**What to work on:**
Pictures left aside, return the lines below exactly, from the one with "2008 Chrysler Town" to the end, including both ends.
***** Supplied information
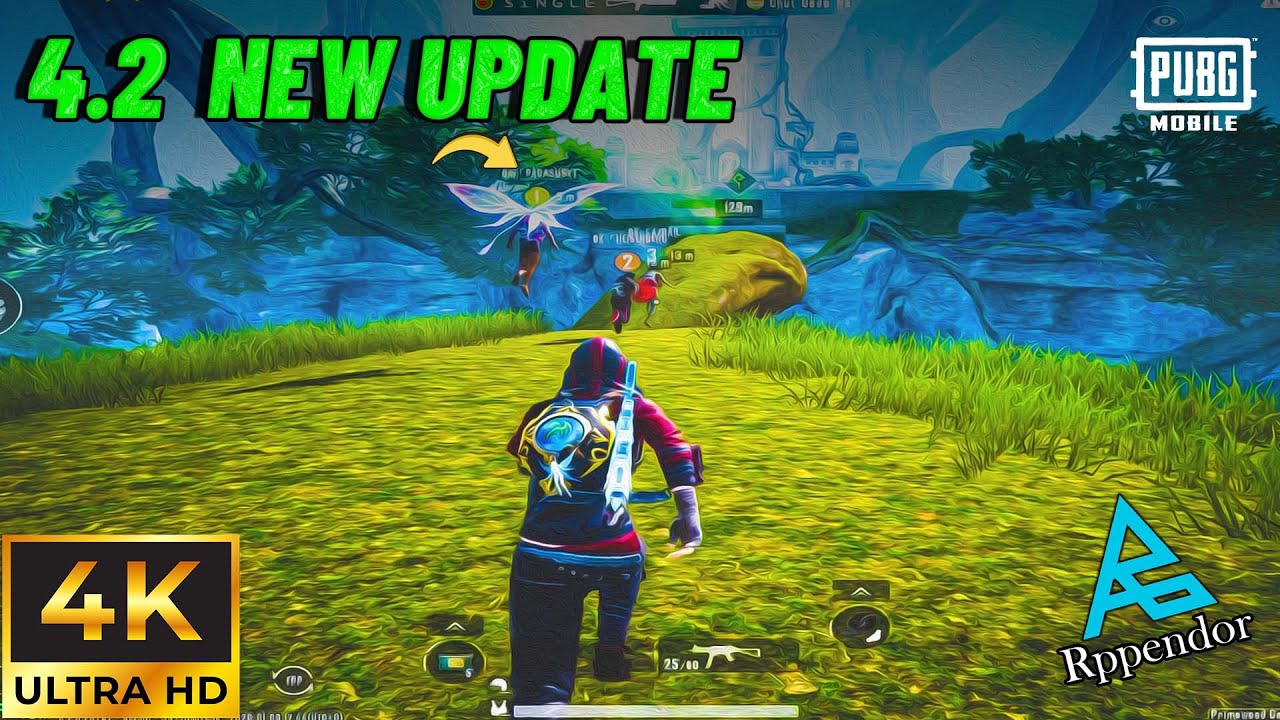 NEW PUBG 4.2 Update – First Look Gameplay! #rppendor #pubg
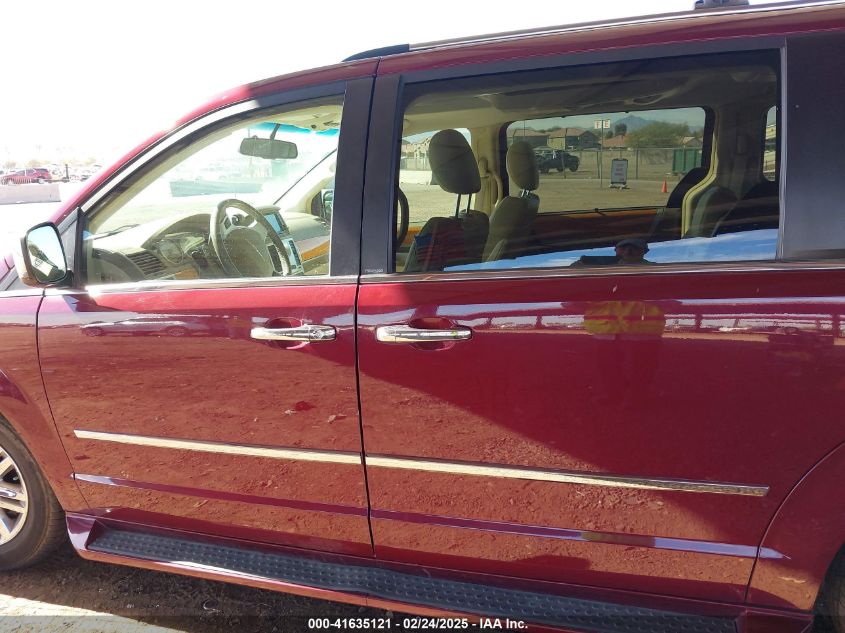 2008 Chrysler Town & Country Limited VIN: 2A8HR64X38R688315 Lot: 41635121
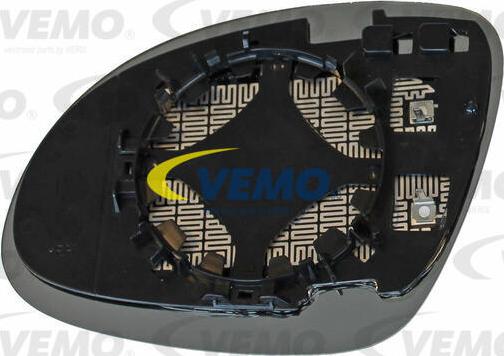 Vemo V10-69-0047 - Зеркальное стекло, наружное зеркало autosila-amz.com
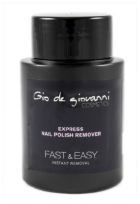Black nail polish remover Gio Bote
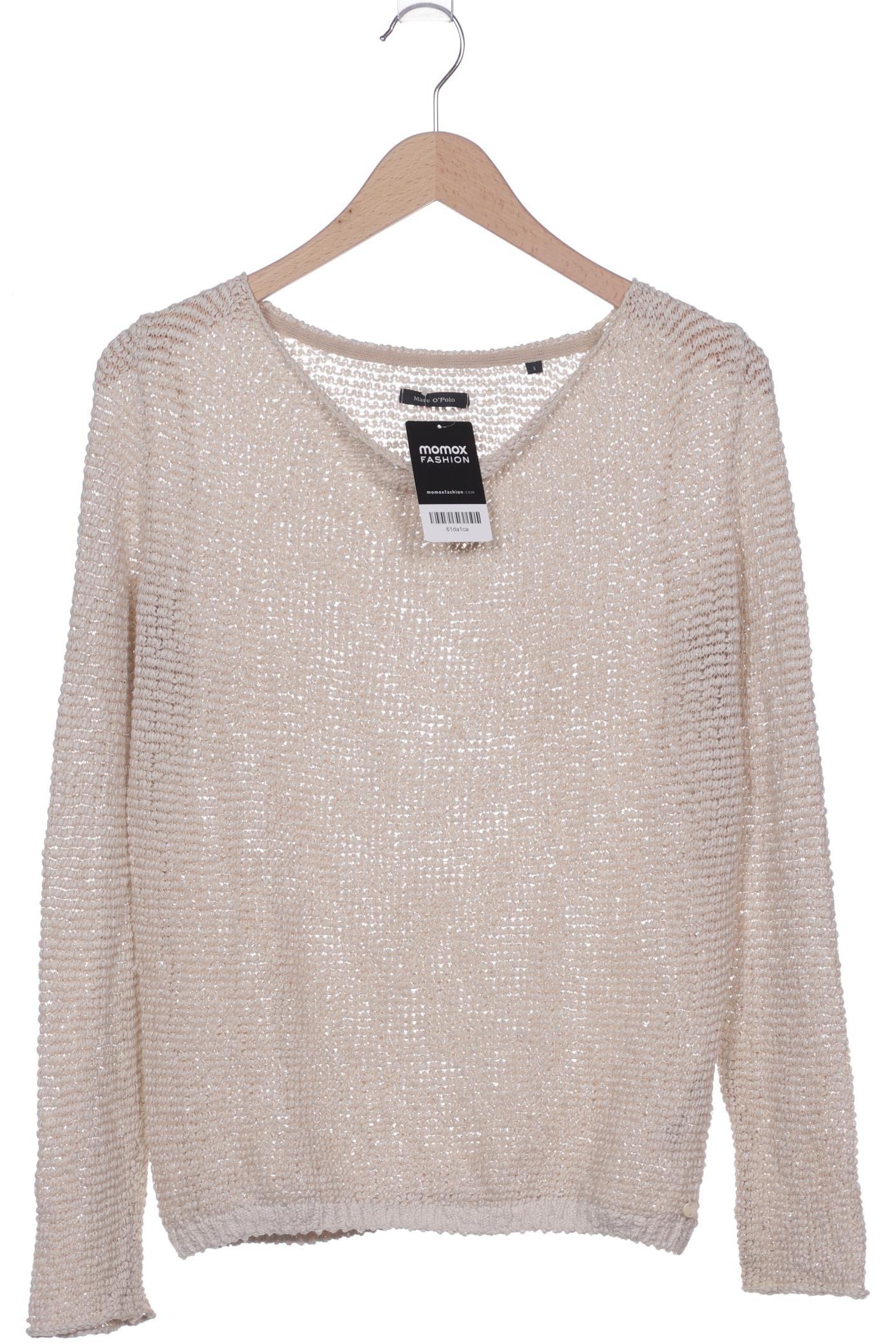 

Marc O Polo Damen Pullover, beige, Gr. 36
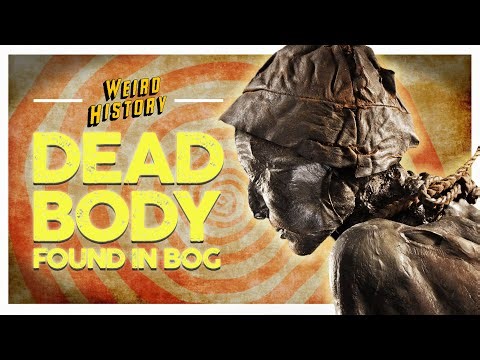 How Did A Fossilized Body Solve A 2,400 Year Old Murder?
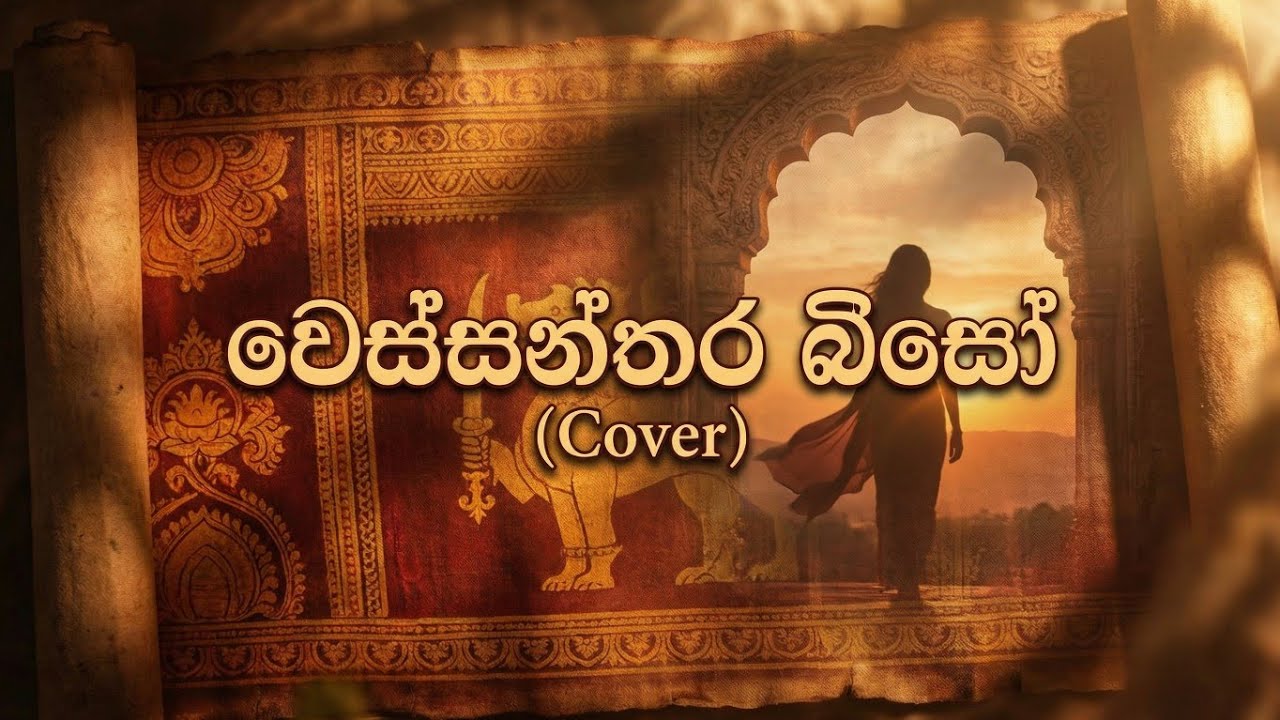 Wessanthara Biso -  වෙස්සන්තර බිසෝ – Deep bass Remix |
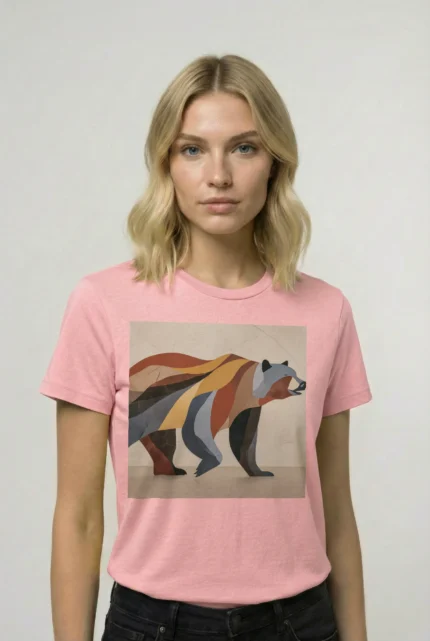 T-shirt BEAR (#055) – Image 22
**********
**Reply:**
 2008 Chrysler Town & Country Limited VIN: 2A8HR64X38R688315 Lot: 41635121
 Vemo V10-69-0047 - Зеркальное стекло, наружное зеркало autosila-amz.com
Black nail polish remover Gio Bote

Marc O Polo Damen Pullover, beige, Gr. 36
 How Did A Fossilized Body Solve A 2,400 Year Old Murder?
 Wessanthara Biso -  වෙස්සන්තර බිසෝ – Deep bass Remix |
 T-shirt BEAR (#055) – Image 22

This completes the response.